P2P Overview

A primer on how P2P messaging works in the Blockchain Development Kit (BDK).

This subchapter provides a comprehensive overview of the P2P classes and their organization within the BDK. It further elaborates on the life-cycle of a P2P connection and the dynamic flow of data between nodes. All classes described here are inside the src/net/p2p folder. Check their header files for full details on how each of them work.

Session

The Session class (session.h) encapsulates a TCP connection with a remote node, responsible for managing handshakes, sending and receiving messages by reading and writing socket data. It has a queue for outbound messages, allowing any thread that is responsible for sending a message to carry on with its task without having to wait for the message transmission to complete, and serves as a base for the ClientSession and ServerSession specialized classes.

Sessions are designed to be used as shared_ptrs with shared_from_this to manage their lifecycles, as they primarily exist within the handlers of Boost's io_context. Once a session has successfully established a connection with a remote node, it is added to a list of sessions controlled by a manager. It is critical to properly manage those shared pointers, as the destructor of the Session class is intrinsically linked to the destructor of the socket, which, in turn, calls the io_context. If the pointer persists but its referenced io_context no longer exists, this will lead to a program crash.

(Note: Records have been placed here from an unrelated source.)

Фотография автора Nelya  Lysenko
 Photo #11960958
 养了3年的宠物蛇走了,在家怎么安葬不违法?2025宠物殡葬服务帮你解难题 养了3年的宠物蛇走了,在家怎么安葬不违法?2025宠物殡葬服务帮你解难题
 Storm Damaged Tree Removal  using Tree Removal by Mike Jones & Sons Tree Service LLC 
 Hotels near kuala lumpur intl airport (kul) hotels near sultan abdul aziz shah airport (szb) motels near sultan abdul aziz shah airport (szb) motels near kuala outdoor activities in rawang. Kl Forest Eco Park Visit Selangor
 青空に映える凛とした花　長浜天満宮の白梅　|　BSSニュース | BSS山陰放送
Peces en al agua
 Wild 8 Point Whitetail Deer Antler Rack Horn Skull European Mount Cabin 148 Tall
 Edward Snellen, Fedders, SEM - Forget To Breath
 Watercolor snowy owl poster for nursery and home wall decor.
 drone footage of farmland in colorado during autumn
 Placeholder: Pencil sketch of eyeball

For instance, functions called by the thread pool to parse asynchronous operations accept a weak_ptr as a parameter, which is then converted into a shared_ptr. This design choice ensures the Session object is still viable. In addition, the manager session mutex is locked to prevent the shared_ptr from unexpectedly becoming a unique_ptr, which would cause a segmentation fault while attempting to delete a session in the absence of its corresponding io_context.

Life cycle of a session

Upon instantiation, a session's life-cycle is composed of three different routines: handshake, read and write.

Handshake routine

The first routine is giving a handshake to a remote endpoint, effectively making a connection so data can be shared between both ends. It happens like this:

  • The run() method is called first, and uses boost::asio::dispatch() to dispatch a call of write_handshake()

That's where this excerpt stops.